(Brief descriptive captions)
--- --- ---

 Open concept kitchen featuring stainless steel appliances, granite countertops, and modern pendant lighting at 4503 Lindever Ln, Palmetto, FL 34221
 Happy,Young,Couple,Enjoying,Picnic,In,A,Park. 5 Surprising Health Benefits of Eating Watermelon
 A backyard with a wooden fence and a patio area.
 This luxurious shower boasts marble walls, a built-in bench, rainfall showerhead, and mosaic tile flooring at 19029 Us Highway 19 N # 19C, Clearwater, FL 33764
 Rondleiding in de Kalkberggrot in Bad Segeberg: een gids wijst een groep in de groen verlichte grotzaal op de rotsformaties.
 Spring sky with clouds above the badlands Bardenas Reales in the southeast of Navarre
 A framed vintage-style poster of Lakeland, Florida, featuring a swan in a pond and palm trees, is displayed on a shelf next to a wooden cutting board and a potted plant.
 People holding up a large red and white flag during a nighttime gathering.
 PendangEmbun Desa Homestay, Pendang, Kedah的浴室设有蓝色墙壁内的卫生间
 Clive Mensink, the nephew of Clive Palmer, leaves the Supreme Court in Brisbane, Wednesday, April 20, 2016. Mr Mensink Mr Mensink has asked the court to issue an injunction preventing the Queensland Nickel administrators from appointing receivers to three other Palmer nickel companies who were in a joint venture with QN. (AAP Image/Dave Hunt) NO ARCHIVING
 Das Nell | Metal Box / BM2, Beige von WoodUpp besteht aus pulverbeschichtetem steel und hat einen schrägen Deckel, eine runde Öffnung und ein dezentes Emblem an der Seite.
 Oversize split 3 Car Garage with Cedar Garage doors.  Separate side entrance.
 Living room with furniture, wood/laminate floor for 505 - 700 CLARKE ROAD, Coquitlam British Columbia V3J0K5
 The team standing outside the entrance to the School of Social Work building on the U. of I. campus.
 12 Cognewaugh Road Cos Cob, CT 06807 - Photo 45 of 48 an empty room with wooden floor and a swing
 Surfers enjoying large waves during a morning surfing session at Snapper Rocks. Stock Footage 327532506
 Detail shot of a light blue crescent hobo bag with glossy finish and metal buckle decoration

--- --- ---

[TRY IT]
If a line comes after the one containing "This luxurious shower", leave it out; set down every line of the data before it, and that line itself, exactly.

[EXERCISE OUTPUT]
 Open concept kitchen featuring stainless steel appliances, granite countertops, and modern pendant lighting at 4503 Lindever Ln, Palmetto, FL 34221
 Happy,Young,Couple,Enjoying,Picnic,In,A,Park. 5 Surprising Health Benefits of Eating Watermelon
 A backyard with a wooden fence and a patio area.
 This luxurious shower boasts marble walls, a built-in bench, rainfall showerhead, and mosaic tile flooring at 19029 Us Highway 19 N # 19C, Clearwater, FL 33764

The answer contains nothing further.